The slow economy has been a temporary boon for Seattle artists, leading to a drop in real estate prices and creating empty storefronts, but many worry  what will happen when the economy inevitably stimulates again. "Right now, renting to an artist is better than having nobody, but what is the motivation if the economy gets better?" asks artist Jane Richlovsky. "Seattle is a boom and bust town. There is a fever about [affordable space] now, when the economy is down, but if there is another boom and the prices re-escalate, then the discussion is forgotten. We need ongoing support."

  • Shunpike, a non-profit organization that assists small and mid-sized artists and arts groups with administrative, business, and funding support, recently introduced a program helps artists find long-term, affordable arts space on a case-by-case basis.
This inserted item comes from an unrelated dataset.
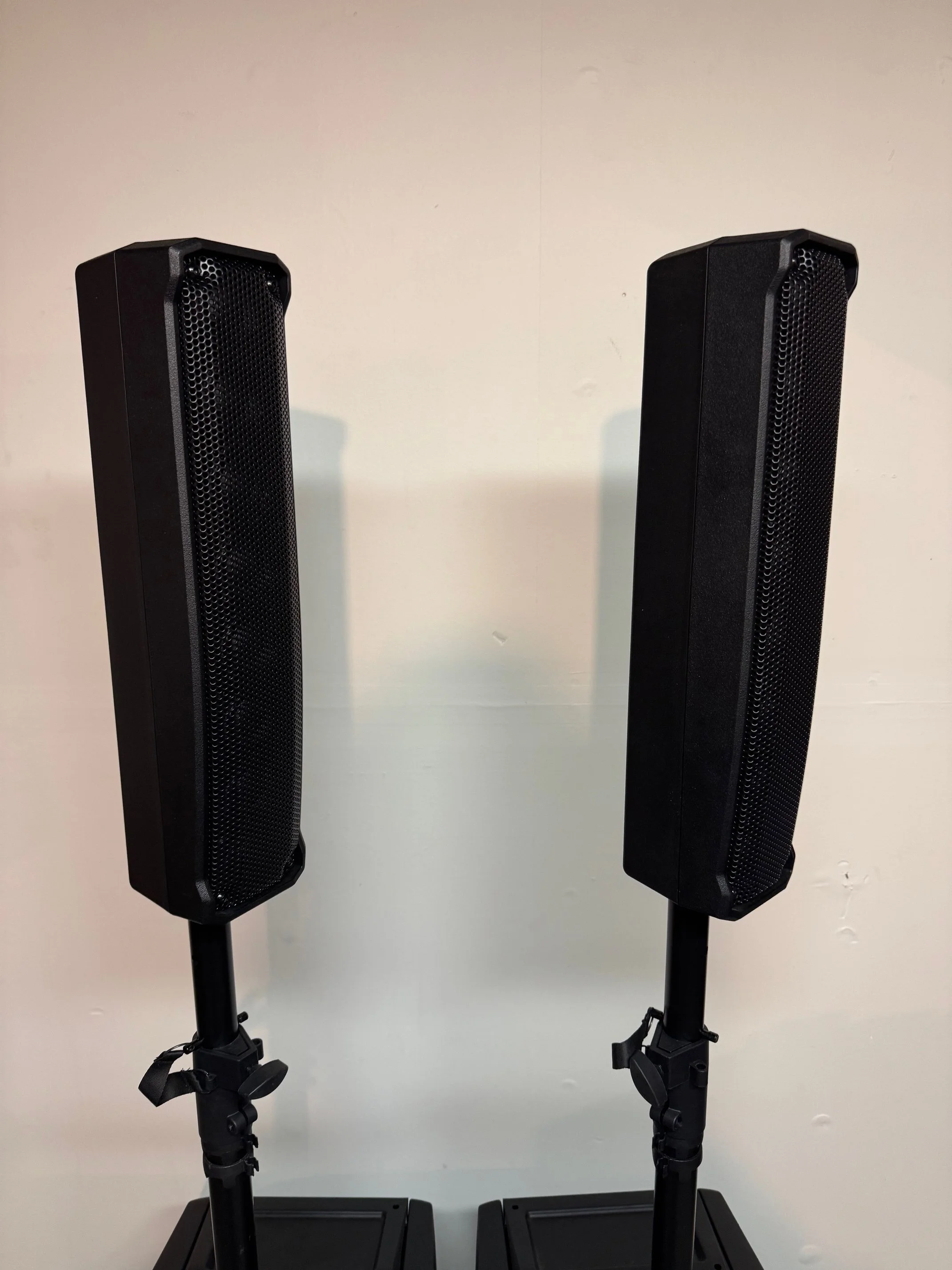 RCF Evox J8 power speaker (open box)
Shunpike's Artist Space Assistance Program (ASAP) works with artists to help them organize financial reports to prove lease eligibility and provides legal direction regarding contracts.
  • The 29,000 square-foot 12th Avenue Arts project is scheduled to break ground in summer 2012. The space will house a mix of affordable housing and affordable arts and performance space in addition to retail and offices. Randy Engstrom, a longtime Seattle arts activist, highlights the city's willingness to "make the numbers work" as a key component to success. He would like such cooperation to become standard. "I hope that regionally we can get a coherent policy for affordable arts space," he says. "It doesn't mean that I want the city to pay for everything, but I hope that we could develop policies to thoughtfully address the problem long term."
  • The INScape building is another example of an effective partnership between artists and government. The historic building was previously occupied by the Immigration and Naturalization Service. Today, the $10 million project is an arts and cultural hub that will eventually be home to more than 120 artists. INScape's cost was offset by historical tax credits and the New Markets Tax Credit Program, a federal program intended to spur real estate and business projects in specialized and low-income areas.
  • Storefronts Seattle has taken a less permanent approach to creating affordable arts space. Artists and art groups pay $1 a month to occupy empty storefronts. Storefronts pays for everything including utilities, insurance, and minimal improvements and repairs. Meanwhile, property owners pay absolutely nothing. Funded by grants from Seattle's Office of Arts & Cultural Affairs, the Office of Economic Development, 4Culture and neighborhood groups, Storefronts Seattle is now occupying empty window space in Pioneer Square, South Lake Union, Capitol Hill, Rainier Beach, the International District as well as Auburn and Tacoma.